The book focuses primarily on Landon's home, Seven Hearths, the Queen Anne-style house he built in the mid-1970s, and the workshop adjacent to it on Quaker State Road, just north of Montoursville in Fairfield Township.
It contains photographs of Landon, the hand-crafted furniture and furnishings produced by Landon, and the tools with which he built them.
Each photographed piece is accompanied by a short story or caption, the era of the historic piece it represents, and sometimes, a photograph of the original historic piece from which it was patterned. An occasional anecdote - an observation by Meiller or a quote from Landon himself - is included.
Also shown are special projects, such as Landon's Liberty Tree Eagle, made from wood salvaged from the nation's last Liberty Tree - which stood on the campus of St. John's College in Annapolis, Md. - and a reproduction of President George Washington's "Rising Sun" chair, which the first president sat on during the Constitutional Convention of 1787.
The seeds for the book were planted when Meiller met Landon in 1997 when he was a guest speaker at a meeting of the Rochester Woodworkers Society in Rochester, N.Y.
Landon's talk made an impression on Meiller and several years later, when several members of the society decided to take a workshop taught by Landon at the Olde Mill Cabinet Shoppe in York, Pa., he took the class, too.
The two men hit it off quickly and became friends. That friendship was fueled, in part, because Meiller, a mechanical engineer, was able to make detailed drawings for the class.
Meiller said his drawings created "common ground" between him and Landon.
"That made me a little more close (than other students) because I had that tie-in beyond the class," Meiller said. "There was more communication."
Another factor was geography. Meiller's travel from Rochester to York brought him through Williamsport, so he would stop at Landon's home.
In 2003 or 2004, Meiller stopped by Seven Hearths to measure a piece of Landon's furniture prior to driving on to the workshop in York.

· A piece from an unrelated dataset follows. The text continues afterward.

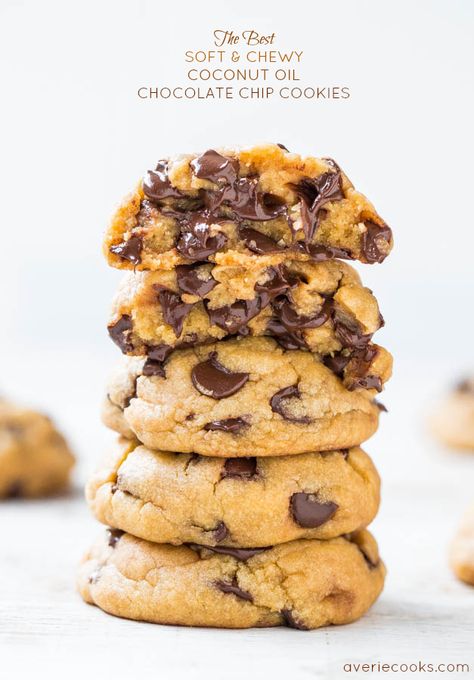 The Best Soft & Chewy Coconut Oil Chocolate Chip Cookies - You'll never miss the butter in these cookies that are so soft & loaded to the max with chocolate! Oil Chocolate Chip Cookies, Coconut Oil Chocolate Chip Cookies, Coconut Oil Chocolate, Chip Recipe, Cozy Afternoon, Recipe Baking, Powder Sugar, Cookies Baking, Clam Recipes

"As I'm measuring it, a storm hit and there was a terrible downpour," Meiller said.
Because road conditions were poor, Meiller offered to drive Landon to the workshop. In return, Landon invited Meiller to stay the night at Seven Hearths.
The arrangement soon became a routine, but it never became run-of-the-mill for Meiller.
"So I started driving (Landon) to and from classes and would end up spending the night," he said. "Here I am staying in a place that's like a museum."
In 2007, Landon was invited to again speak to the Rochester Woodworkers Society. He asked Meiller what he would like his lecture to focus on. Meiller responded: a tour of Landon's house and workshop.
In preparation for that lecture, Meiller toured the home and workshop with Landon and took dozens of photographs that would be used for a slide presentation during the lecture.
It was then that the idea for the book began to take root, but the idea did not begin to bear fruit until Landon's death, Meiller said.
"Obviously, with his passing, I said to my wife (Judy), 'I've got to do this,'" Meiller said.
Meiller also presented the idea to Landon's wife Jane and son Benjamin.
"My idea was to do 25 pieces of furniture with a little story on each one," Meiller said. "They wholeheartedly said, 'Yes, do it.'"
To that end, Meiller said he spent six days rephotographing Landon's work. He also was given access to his office and workshop, so he was able to find drawings, documents and magazine and newspaper articles to assist him with the book.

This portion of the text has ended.